The Suzuki method is a method of learning the violin invented in the mid-twentieth century by Dr. Shin’ichi Suzuki. It can be used for any instrument but the violin that she has the most fields of application.
Origins of Suzuki method
The Suzuki method is a way of learning to play music. It was invented in the mid-20th century by Dr. Shin’ichi Suzuki. Dr. Suzuki noticed that children pick up their native language very quickly and seldom fail to learn it, so he modelled his method, which he called “Talent Education,” after the process of natural language acquisition. Dr Suzuki believed that every child, if properly taught, was capable of a good level of musical achievement.
The method emphasizes playing from a very young age. Scaled down instrument sizes are used for children studying stringed instruments in order to facilitate this.
In the beginning, learning music by ear is emphasized over reading musical notation. The method also encourages, in addition to individual playing, frequent playing in groups (including playing in unison) and frequent public performance, so that playing is so far as possible natural and enjoyable.
Importance of parents in Suzuki method
Another important feature of the method is that the parents of the young student are expected to supervise instrument practice every day (instead of leaving the child to practise alone between lessons) and to attend every lesson so as to be able to supervise the practice effectively. It is not necessary for the parent to be able to play as well as the child (or at all); only that the parent knows from the lessons what the child should be doing and how the child should be doing it.
Currently, many teachers of all backgrounds, invite parents to attend their child’s violin lessons : it allows the child to more easily integrate the remarks of his violin teacher in daily practice sessions, to progress quickly and to remember the advices given by the teacher, parents can be musicians or not, since the goal is to retake with the child what was worked with the teacher on a daily basis.
Suzuki method Vs traditional method
The commonest criticisms of the Suzuki method from traditional teachers are the following:
- Compromise sight reading skills.
- Tend towards rote learning at the expense of individual musicianship although a high degree of early technical ability is thereby produced.

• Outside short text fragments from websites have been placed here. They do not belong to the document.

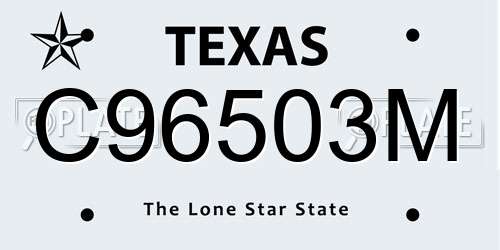 C96503M Texas License Plate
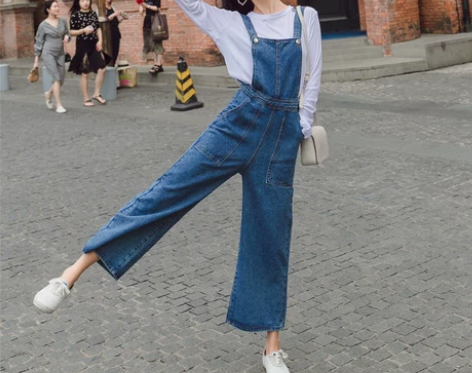 Vintage减龄背带裤牛仔女韩版阔腿牛仔...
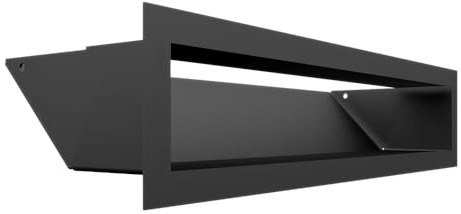 KRATKI Lüftungsgitter Warmluftgitter LUFT 9 x 40 cm schwarz Kamingitter | 45° Luftauslass, für Kaminbelüftung. Für Warmluftverteilung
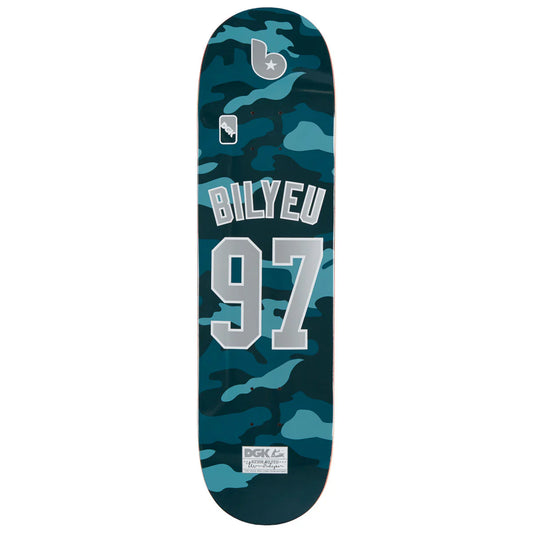Camouflage-patterned skateboard deck with 'Bilyeu 97' branding on a white background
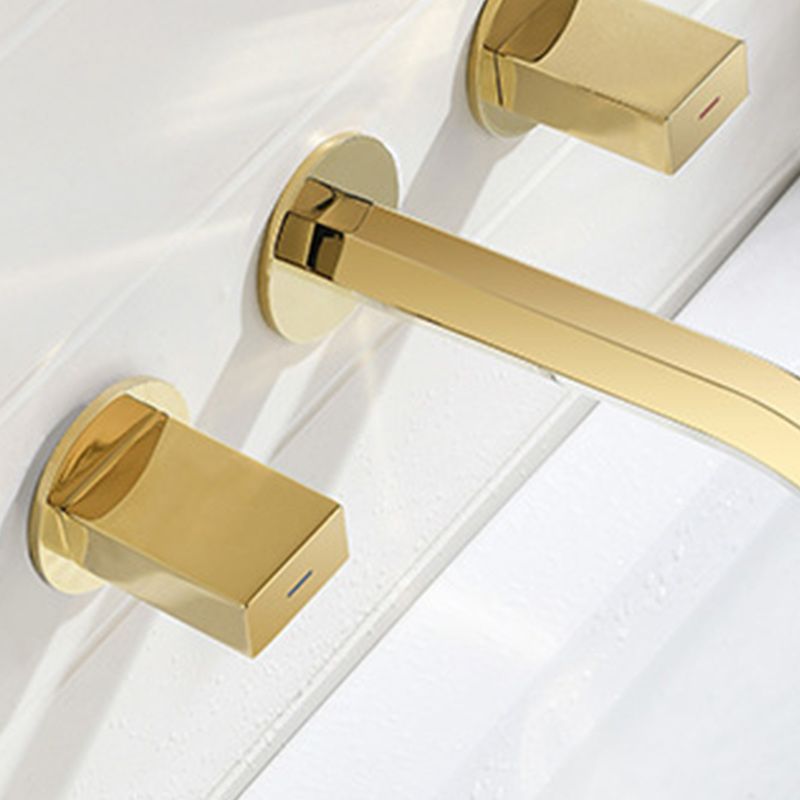 Light Luxury Wall Mounted Bathroom Faucet Double Handles Vessel Faucet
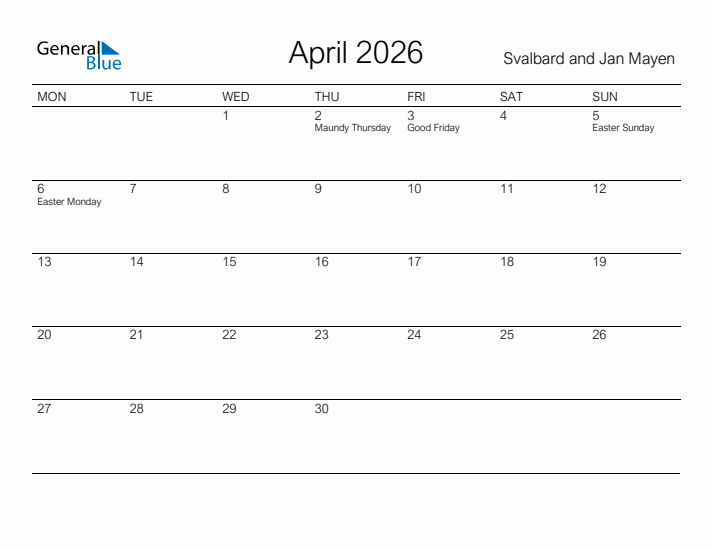 Printable April 2026 Calendar for Svalbard and Jan Mayen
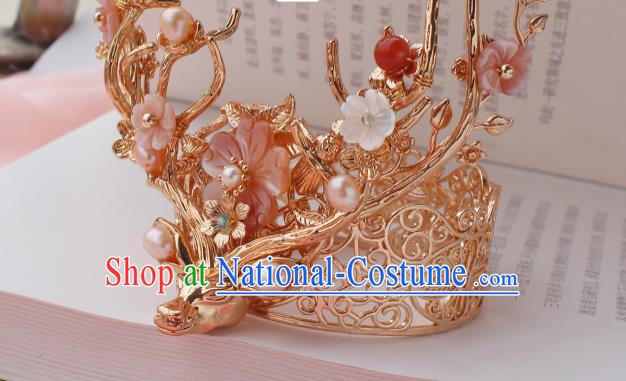 China Ancient Court Woman Plum Hair Accessories Traditional Ming Dynasty Princess Golden Deer Hair Crown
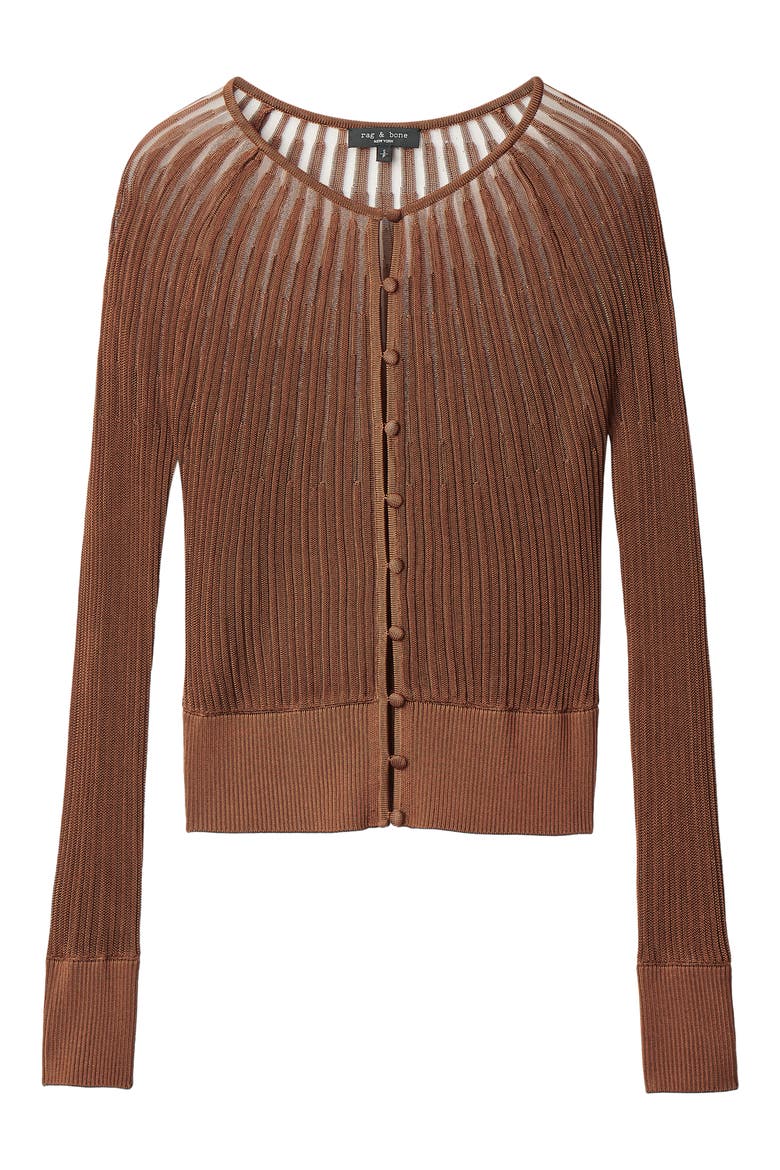 Aubrey Open Knit Semi Sheer Cardigan, Alternate, color, RUST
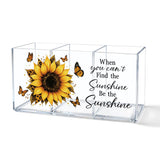 Vgrti Be The Sunshine Acrylic Pen Holder for Desk, Sunflower Butterfly Desk Organizer Decor for Office Home, Inspirational Back 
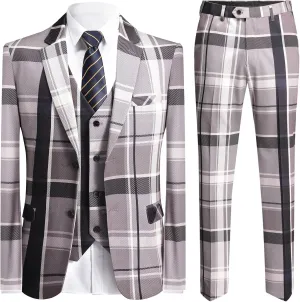 YFFUSHI Men's Plaid Tweed 3 Piece Suit Slim Fit Button Dinner Suit Tuxedo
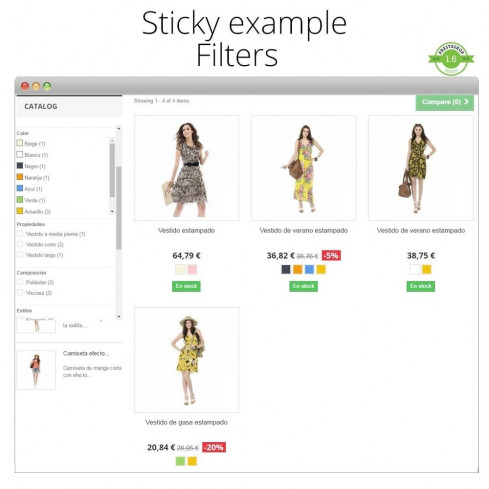 Module Sticky (Collant) n'importe quelle partie du thème pour PrestaShop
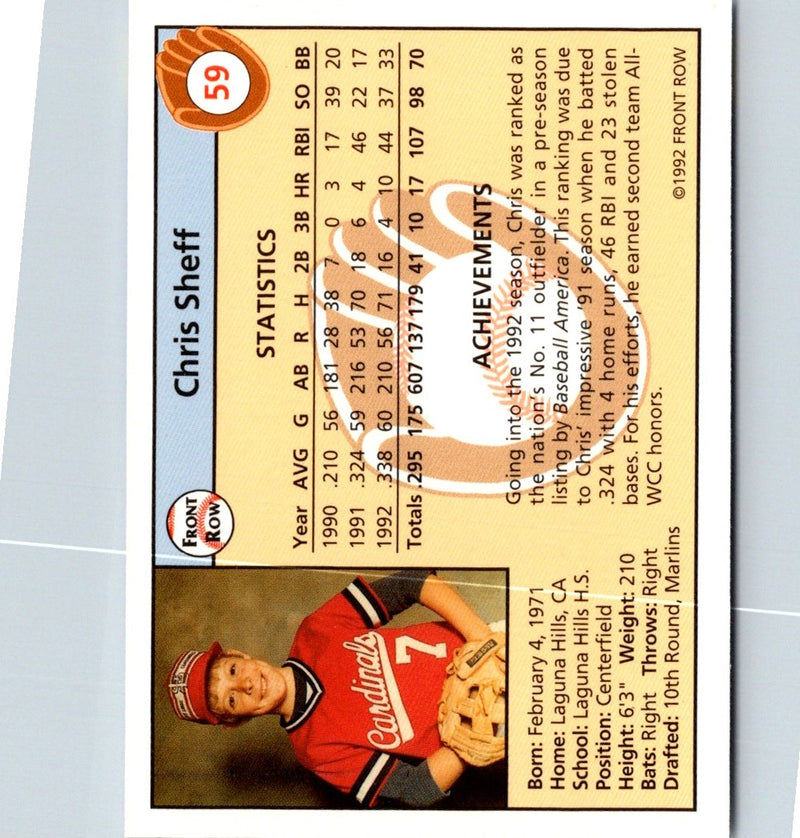 1992 Front Row Draft Picks Chris Sheff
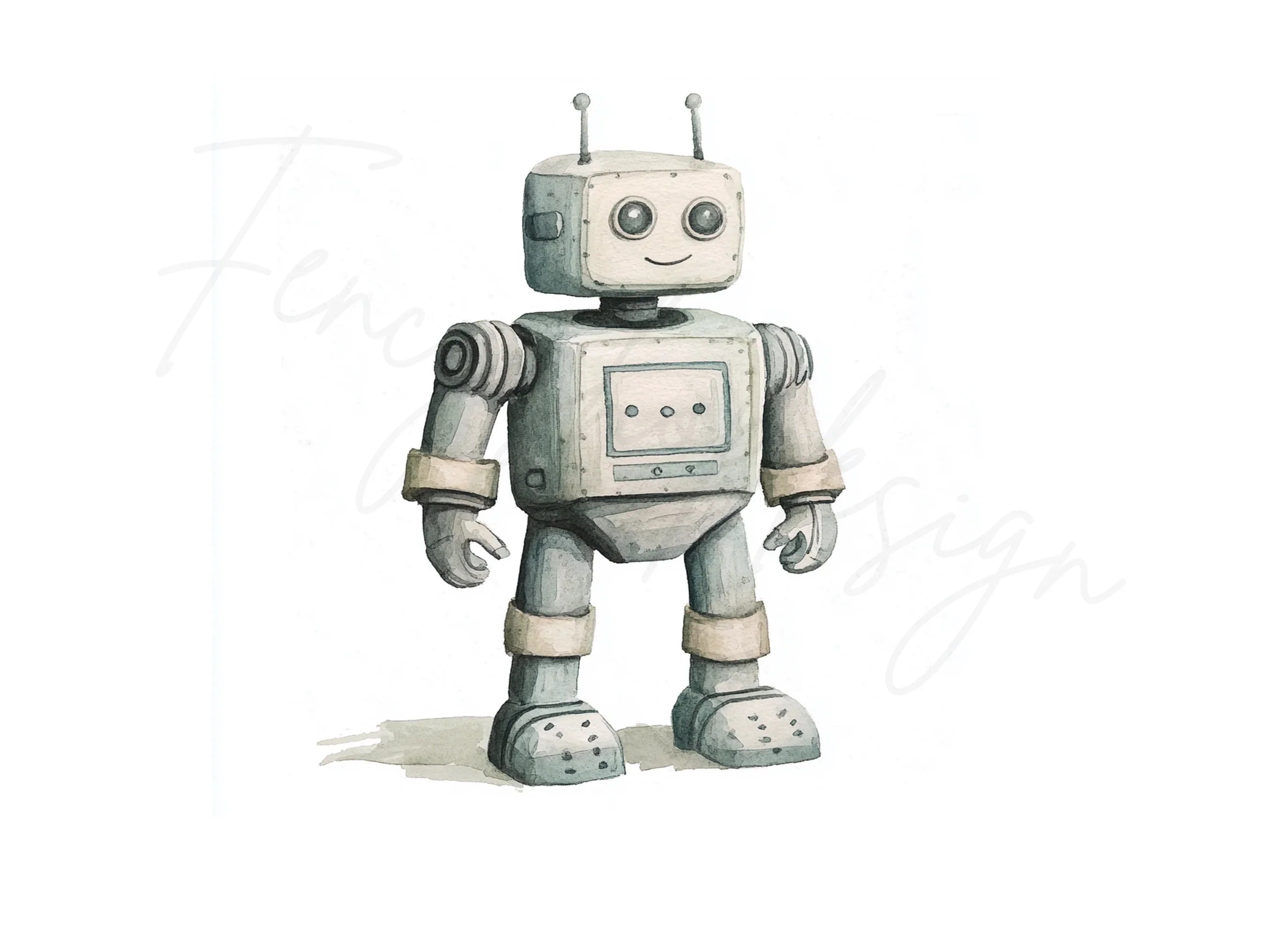 Vintage Style Robot Clipart Bundle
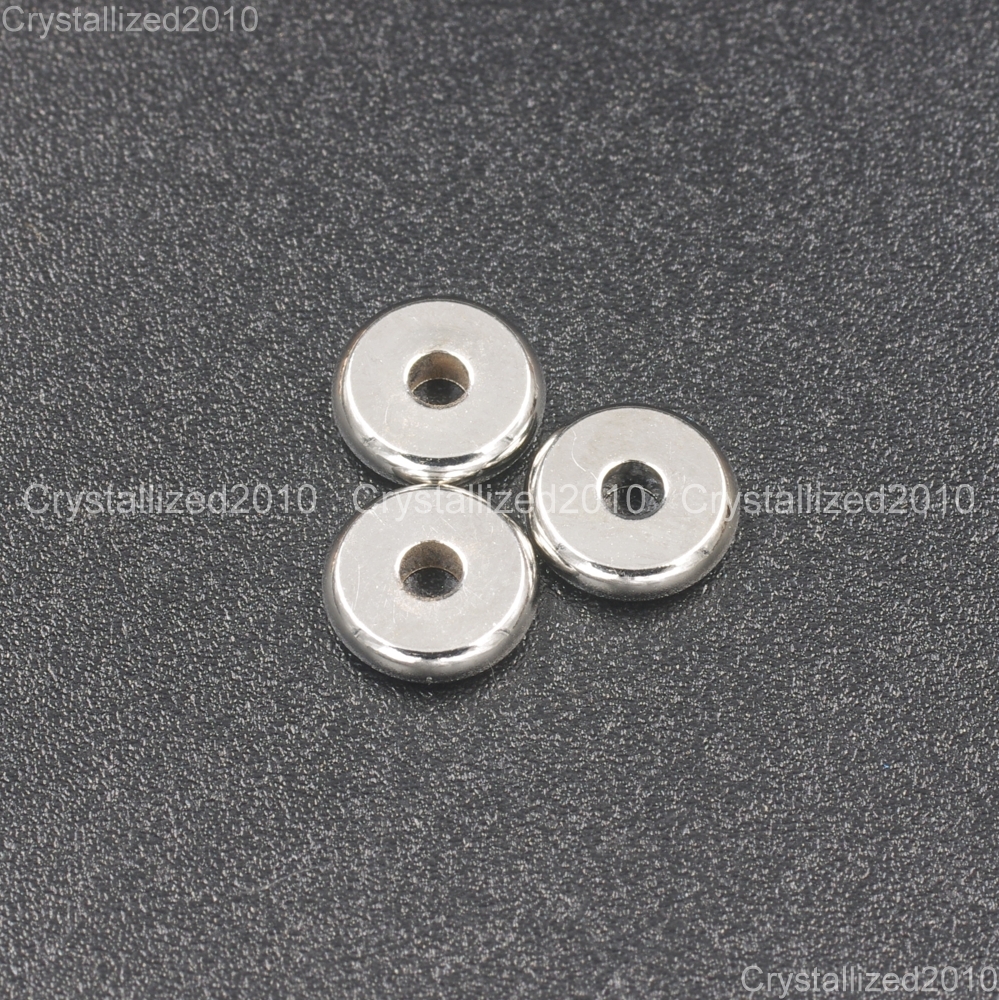 Solid Metal Round Rondelle Slice Bracelet Necklace Connector Charm Spacer Beads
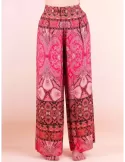 Paz Torras online fuchsia Indian cashmere printed silk wide trousers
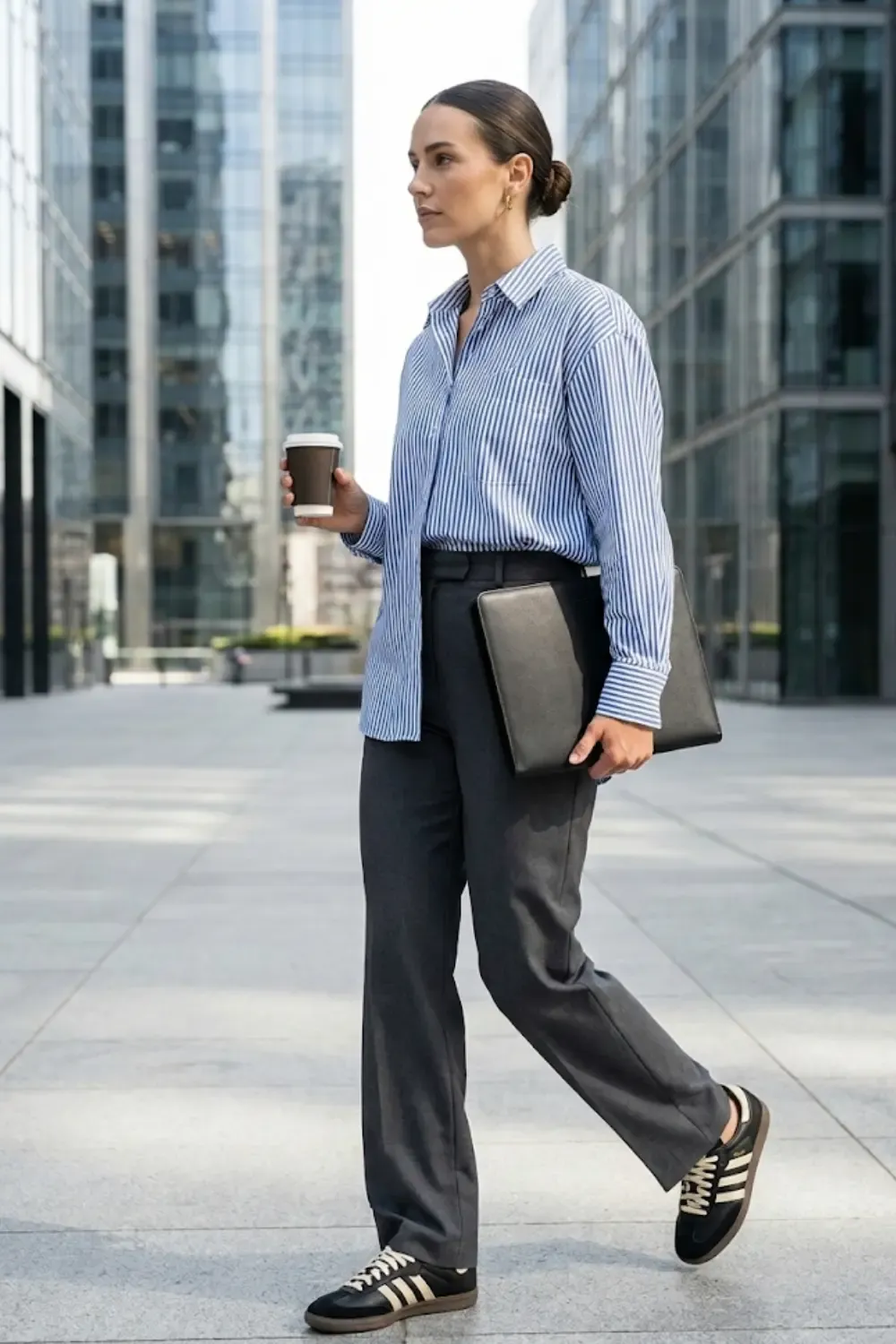 An effortlessly chic professional woman representing the 'Cubicle Chic' aesthetic.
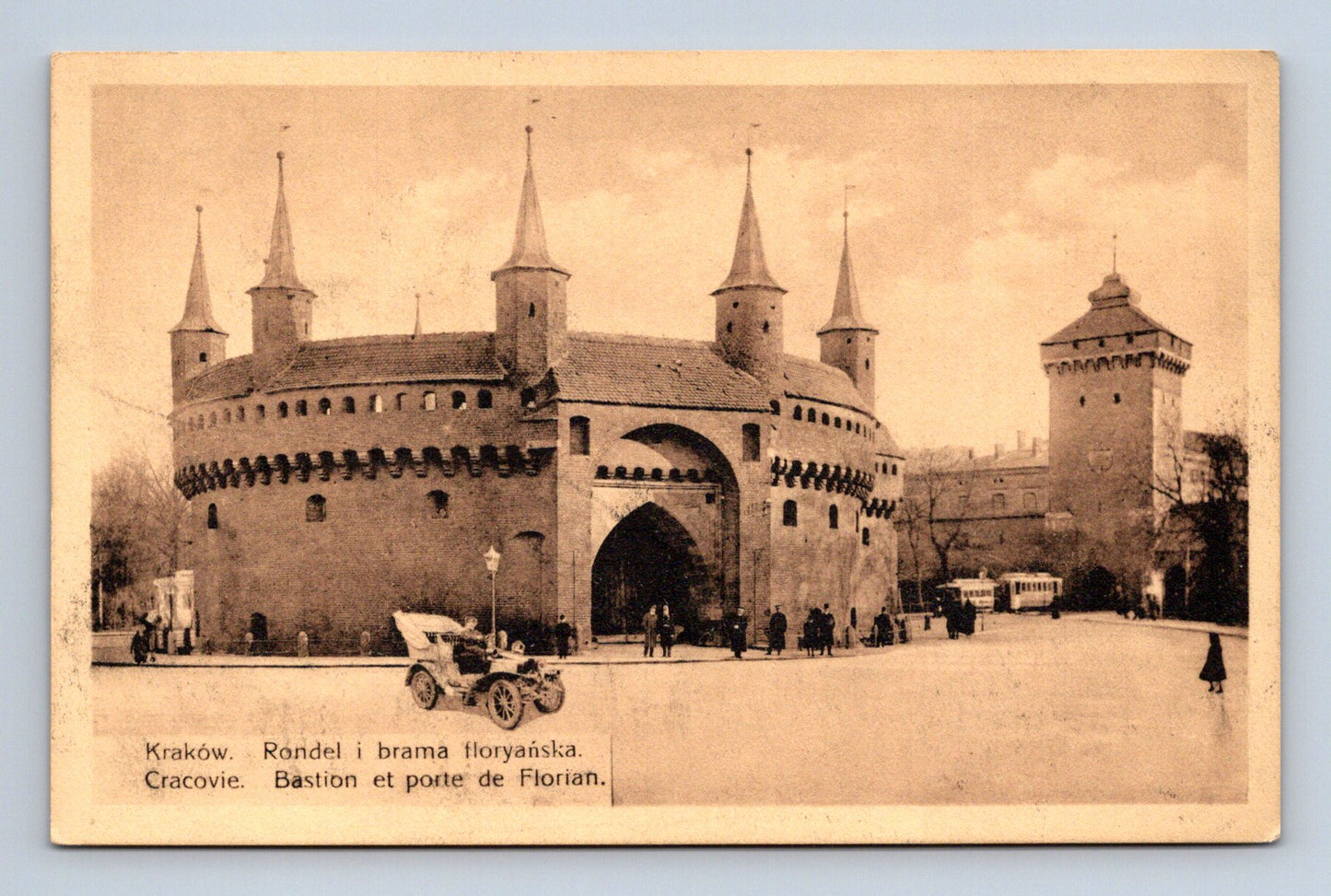 Pohlednice Polsko Krakow Barbakán Florianova brána 1914 (M30268)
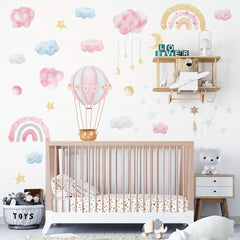 Astronaut Clouds Balloons Sky Wall Stickers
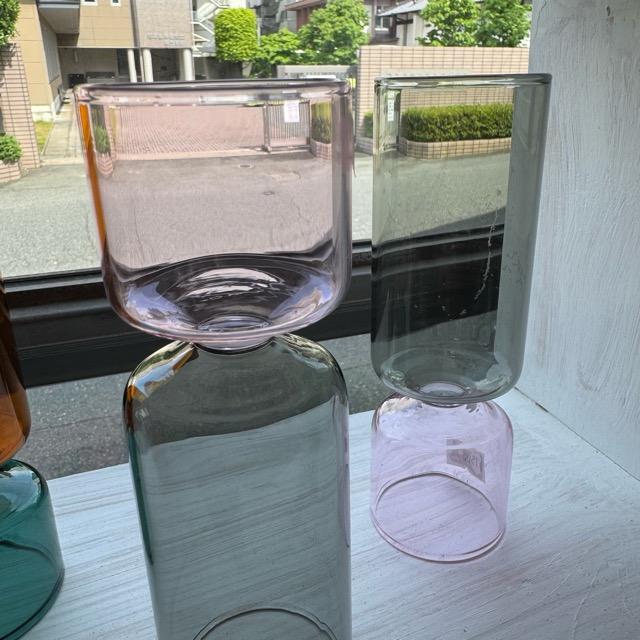 2wayカラーガラスベース　生花　ドライフラワー　花瓶　花　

So far as the first criticism is concerned, more sight reading exercises are now incorporated. So far as the second is concerned, the Suzuki method should not compromise individual musical development but should facilitate it, both by providing a sound technical base from an early age, and from encouraging the study of the instrument in the first place.
The Suzuki method can be taught on any instrument, although it is most commonly taught on violin.